**ACTION ITEM**
Copy the listing below letter for letter, passing over each picture.

**DATASET EXTRACT**

+++

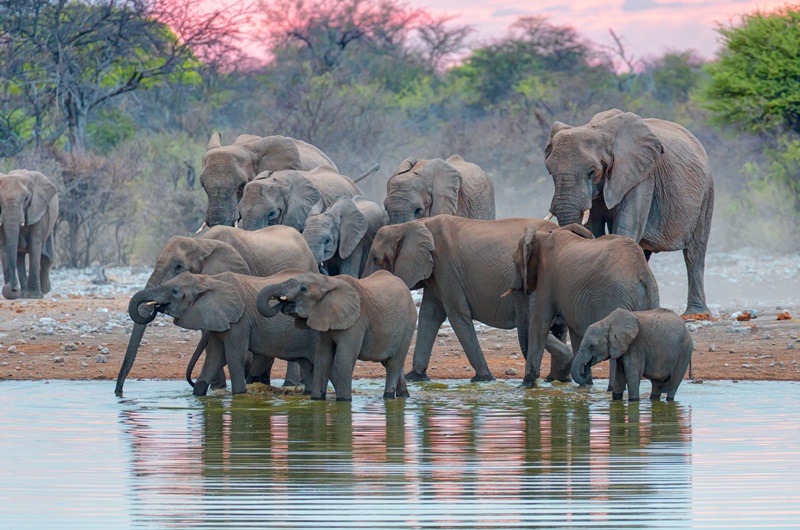 https://viagemonline.pt.tui.com/pt/idea/29733935/maravilhas-da-tanzania-com-melia 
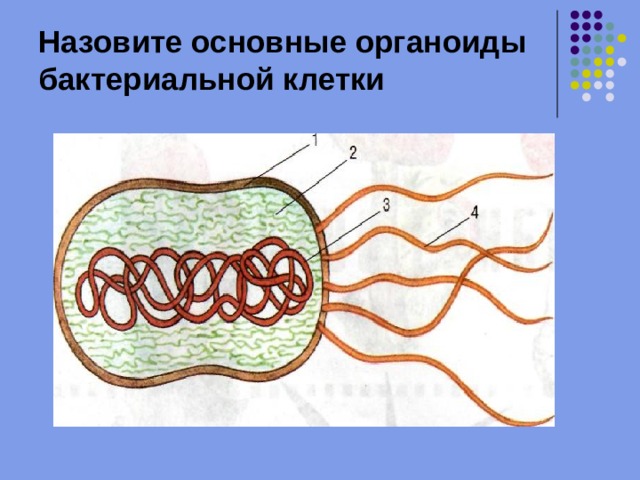 Назовите основные органоиды бактериальной клетки 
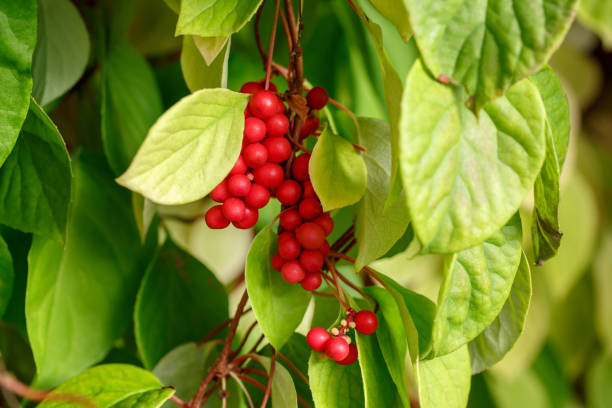 schisandra chinensis o bacca a cinque sapori su un ramo. bacche fresche rosse mature su foglie verdi in giardino. - herbal medicine chinese medicine medicine alternative medicine foto e immagini stock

+++

**YOUR RESPONSE**
 https://viagemonline.pt.tui.com/pt/idea/29733935/maravilhas-da-tanzania-com-melia 
 Назовите основные органоиды бактериальной клетки 
 schisandra chinensis o bacca a cinque sapori su un ramo. bacche fresche rosse mature su foglie verdi in giardino. - herbal medicine chinese medicine medicine alternative medicine foto e immagini stock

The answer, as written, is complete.